→ How to complete this task
In the records that follow, find the line with "Lorax Face Cartoon"; from there, retype every line exactly through the line with "Autocollant magnétique en", which also belongs to the answer.

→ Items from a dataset

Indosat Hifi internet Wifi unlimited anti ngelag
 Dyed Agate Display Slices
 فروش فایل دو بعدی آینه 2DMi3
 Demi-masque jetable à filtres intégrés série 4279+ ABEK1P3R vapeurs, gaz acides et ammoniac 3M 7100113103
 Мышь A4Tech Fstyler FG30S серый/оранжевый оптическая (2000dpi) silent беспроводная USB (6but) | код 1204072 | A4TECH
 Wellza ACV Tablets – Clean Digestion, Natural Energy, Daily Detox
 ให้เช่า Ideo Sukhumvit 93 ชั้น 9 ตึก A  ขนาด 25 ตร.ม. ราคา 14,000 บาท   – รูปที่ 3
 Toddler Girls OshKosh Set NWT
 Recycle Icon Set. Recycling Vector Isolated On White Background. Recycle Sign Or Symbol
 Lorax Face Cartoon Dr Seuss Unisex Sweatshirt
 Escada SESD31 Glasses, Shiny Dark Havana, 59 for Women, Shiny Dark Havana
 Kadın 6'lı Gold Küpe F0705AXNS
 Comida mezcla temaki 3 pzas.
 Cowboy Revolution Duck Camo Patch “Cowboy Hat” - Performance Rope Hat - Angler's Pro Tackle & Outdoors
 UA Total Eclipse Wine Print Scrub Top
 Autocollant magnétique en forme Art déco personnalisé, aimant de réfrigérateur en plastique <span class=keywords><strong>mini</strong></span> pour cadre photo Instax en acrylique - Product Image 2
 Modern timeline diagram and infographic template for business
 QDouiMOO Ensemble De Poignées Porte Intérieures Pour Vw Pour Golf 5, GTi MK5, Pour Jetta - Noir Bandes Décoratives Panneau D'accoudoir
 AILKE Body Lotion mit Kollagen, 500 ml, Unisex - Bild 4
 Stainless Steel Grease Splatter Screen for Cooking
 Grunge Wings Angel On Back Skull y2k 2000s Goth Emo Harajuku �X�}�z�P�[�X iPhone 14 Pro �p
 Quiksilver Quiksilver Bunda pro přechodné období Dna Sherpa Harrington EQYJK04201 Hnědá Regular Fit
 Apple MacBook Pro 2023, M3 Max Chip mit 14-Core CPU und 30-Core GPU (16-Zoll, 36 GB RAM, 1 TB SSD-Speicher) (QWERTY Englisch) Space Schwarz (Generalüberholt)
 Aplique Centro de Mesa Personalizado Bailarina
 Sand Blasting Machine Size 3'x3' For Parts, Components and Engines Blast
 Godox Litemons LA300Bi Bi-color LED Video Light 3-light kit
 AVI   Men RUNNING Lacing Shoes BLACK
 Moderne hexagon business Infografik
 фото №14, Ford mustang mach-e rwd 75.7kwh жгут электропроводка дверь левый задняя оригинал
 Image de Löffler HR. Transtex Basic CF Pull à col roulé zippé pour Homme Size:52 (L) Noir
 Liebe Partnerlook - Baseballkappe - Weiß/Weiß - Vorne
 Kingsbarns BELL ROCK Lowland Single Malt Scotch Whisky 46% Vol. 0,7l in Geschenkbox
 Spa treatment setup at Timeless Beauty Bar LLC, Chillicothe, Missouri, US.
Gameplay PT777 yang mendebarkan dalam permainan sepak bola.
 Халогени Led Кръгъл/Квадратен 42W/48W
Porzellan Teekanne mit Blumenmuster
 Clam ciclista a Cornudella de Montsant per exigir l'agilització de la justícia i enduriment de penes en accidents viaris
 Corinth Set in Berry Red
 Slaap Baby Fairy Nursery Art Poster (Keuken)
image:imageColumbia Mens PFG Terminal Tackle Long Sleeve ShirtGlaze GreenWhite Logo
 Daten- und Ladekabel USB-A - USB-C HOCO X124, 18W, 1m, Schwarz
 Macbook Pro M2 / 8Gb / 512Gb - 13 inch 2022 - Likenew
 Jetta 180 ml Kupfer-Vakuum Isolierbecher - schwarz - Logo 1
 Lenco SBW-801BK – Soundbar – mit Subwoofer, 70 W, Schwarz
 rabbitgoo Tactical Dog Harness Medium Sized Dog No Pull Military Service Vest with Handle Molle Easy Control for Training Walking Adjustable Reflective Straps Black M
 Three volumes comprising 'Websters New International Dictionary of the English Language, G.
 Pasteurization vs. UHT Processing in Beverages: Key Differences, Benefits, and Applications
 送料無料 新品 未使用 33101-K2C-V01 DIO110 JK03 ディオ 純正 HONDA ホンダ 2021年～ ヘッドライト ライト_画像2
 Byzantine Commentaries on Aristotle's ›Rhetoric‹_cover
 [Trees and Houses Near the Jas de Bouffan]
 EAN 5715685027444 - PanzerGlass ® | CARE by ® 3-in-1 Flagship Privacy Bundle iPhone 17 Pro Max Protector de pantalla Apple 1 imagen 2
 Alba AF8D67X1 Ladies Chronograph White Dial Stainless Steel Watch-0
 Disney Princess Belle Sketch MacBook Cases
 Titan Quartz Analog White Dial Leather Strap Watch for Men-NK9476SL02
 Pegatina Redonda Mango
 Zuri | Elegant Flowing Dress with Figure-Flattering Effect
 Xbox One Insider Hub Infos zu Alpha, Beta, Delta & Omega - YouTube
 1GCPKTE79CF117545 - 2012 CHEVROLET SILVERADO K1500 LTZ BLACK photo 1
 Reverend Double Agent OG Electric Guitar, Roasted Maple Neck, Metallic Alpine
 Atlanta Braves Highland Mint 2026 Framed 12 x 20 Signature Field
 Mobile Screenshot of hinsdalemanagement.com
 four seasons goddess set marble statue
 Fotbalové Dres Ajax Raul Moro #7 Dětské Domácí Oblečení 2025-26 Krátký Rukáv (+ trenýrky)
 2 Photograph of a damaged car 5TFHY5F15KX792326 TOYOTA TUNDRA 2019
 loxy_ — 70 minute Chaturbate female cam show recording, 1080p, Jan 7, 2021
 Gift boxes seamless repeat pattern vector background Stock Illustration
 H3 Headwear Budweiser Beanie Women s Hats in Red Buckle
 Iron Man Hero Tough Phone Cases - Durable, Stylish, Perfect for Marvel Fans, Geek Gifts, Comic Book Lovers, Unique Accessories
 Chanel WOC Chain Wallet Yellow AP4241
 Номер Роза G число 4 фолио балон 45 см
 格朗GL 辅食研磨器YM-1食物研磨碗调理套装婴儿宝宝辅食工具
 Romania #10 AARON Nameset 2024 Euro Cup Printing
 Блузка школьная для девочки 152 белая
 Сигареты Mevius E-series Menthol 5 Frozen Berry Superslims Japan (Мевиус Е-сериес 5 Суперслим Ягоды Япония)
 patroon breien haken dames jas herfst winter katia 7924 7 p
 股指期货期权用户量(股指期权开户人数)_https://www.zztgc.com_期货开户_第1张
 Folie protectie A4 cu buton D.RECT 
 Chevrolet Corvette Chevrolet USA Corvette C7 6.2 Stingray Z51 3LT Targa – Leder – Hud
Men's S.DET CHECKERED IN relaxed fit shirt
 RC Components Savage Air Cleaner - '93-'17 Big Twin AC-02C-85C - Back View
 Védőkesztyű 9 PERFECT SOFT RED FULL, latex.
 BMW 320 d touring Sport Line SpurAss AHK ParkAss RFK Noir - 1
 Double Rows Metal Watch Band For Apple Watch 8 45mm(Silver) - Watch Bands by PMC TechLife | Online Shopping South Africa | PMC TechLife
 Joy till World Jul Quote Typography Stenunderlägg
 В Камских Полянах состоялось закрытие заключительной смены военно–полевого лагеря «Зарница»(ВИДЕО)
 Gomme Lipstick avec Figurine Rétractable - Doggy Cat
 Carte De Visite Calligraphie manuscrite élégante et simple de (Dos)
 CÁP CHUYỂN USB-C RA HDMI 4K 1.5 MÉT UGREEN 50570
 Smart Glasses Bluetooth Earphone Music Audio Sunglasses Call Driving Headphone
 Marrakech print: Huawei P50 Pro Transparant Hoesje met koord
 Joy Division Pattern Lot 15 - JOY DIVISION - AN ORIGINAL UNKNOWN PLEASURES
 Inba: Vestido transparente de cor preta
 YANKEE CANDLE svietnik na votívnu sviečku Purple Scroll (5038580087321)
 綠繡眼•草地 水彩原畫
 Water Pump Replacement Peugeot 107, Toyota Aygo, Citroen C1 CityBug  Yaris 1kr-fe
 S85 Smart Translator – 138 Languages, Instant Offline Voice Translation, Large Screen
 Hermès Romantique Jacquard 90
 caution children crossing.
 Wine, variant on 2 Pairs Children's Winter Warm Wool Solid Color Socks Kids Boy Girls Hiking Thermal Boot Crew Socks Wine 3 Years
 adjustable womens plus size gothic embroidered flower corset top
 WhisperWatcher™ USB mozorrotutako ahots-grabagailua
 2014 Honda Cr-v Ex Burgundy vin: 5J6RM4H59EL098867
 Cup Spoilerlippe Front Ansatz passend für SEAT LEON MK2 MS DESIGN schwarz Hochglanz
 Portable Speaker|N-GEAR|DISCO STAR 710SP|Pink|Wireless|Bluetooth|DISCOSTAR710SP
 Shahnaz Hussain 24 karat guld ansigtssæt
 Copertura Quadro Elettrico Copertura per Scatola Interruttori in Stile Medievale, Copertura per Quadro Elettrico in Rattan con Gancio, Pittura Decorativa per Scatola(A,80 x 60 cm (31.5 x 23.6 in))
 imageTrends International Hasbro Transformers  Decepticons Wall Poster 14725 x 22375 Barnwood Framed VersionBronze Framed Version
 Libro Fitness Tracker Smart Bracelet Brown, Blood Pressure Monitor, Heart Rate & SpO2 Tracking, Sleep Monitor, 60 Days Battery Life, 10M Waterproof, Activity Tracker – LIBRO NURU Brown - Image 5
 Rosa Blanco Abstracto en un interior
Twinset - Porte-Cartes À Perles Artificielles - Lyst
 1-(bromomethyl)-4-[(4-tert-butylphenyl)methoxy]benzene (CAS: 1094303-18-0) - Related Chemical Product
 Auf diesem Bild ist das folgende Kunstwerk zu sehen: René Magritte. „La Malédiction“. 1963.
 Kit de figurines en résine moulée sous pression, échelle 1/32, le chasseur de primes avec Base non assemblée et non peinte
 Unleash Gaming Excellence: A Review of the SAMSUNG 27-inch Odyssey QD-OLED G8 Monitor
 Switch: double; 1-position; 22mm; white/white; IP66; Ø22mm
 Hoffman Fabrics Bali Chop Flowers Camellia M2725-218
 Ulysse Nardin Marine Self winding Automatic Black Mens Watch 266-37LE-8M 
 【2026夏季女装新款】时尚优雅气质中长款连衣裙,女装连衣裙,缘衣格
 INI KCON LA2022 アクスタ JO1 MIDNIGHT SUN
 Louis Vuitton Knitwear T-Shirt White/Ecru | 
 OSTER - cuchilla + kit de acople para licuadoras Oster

→ Output
 Lorax Face Cartoon Dr Seuss Unisex Sweatshirt
 Escada SESD31 Glasses, Shiny Dark Havana, 59 for Women, Shiny Dark Havana
 Kadın 6'lı Gold Küpe F0705AXNS
 Comida mezcla temaki 3 pzas.
 Cowboy Revolution Duck Camo Patch “Cowboy Hat” - Performance Rope Hat - Angler's Pro Tackle & Outdoors
 UA Total Eclipse Wine Print Scrub Top
 Autocollant magnétique en forme Art déco personnalisé, aimant de réfrigérateur en plastique <span class=keywords><strong>mini</strong></span> pour cadre photo Instax en acrylique - Product Image 2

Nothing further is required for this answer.